Europe’s banks staged a little recovery on the credit markets during Wednesday morning after a previous session of heavy sell-offs following fears over their exposure to eastern European markets.
Results from major European banks, including Societe Generale and Commerzbank also reassured the market, with SocGen reporting a profit for the fourth quarter and an increase in its dividend.
It became marginally cheaper to buy protection against default of several European banks, including HBOS, Credit Suisse and BNP Paribas. Credit default swaps on HBOS narrowed by 5.5 basis points to 170bp, while Credit Suisse came in 5.1bp to 175bp and BNP tightened from 89.71bp to 87.5bp.
It was a relatively settled day on the iTraxx Europe index of investment grade companies, in marked contrast to the heavy sell-off being seen on the London equity market, which fell below the 4,000 mark on Wednesday morning. By mid-morning the index was 0.1bps narrower at 172.4bp.
The Crossover list, meanwhile, which measures the cost of default protection for mostly junk-rates companies, came in by 5.2bp to 1105.9b. This means it costs €1.1m annually to insure €10m worth of crossover debt.
Enel, the Italian power company, was the day’s biggest gainer, albeit in a market that was barely moving. Its cost of protection fell in price by 12.1bp to 427.5bp after the market gave a guarded approval to news it had not yet made a decision on whether to buy a 25 per cent stake in Spain’s Endesa. Analysts had expressed concern that the deal, which is likely to be funded by debt, could have a negative impact on the company’s credit rating.

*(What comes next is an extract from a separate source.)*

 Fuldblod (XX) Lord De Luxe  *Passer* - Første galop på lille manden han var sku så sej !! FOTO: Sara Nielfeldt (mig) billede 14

Investors were nervous about the debt at the French car makers Renault and Peugeot-Citroen, on the morning after the French government submitted its bailout plan for scrutiny by the European Commission. Peugeot widened 6.2bp to 396.7bp, while Renault moved from 401.9bp to 408.3bp. Peugeot’s stock, meanwhile, moved in the opposite direction on reports of market rumours that the French government could take a stake in the company.
Daimler, the Mercedes-Benz manufacturer, continued to suffer as the market adjusted to the company reporting a heavier loss than expected for their fourth quarter. WestLB, the German bank, recommended selling the stock as the cost of insuring its debt widened by about 2bp to 278.33.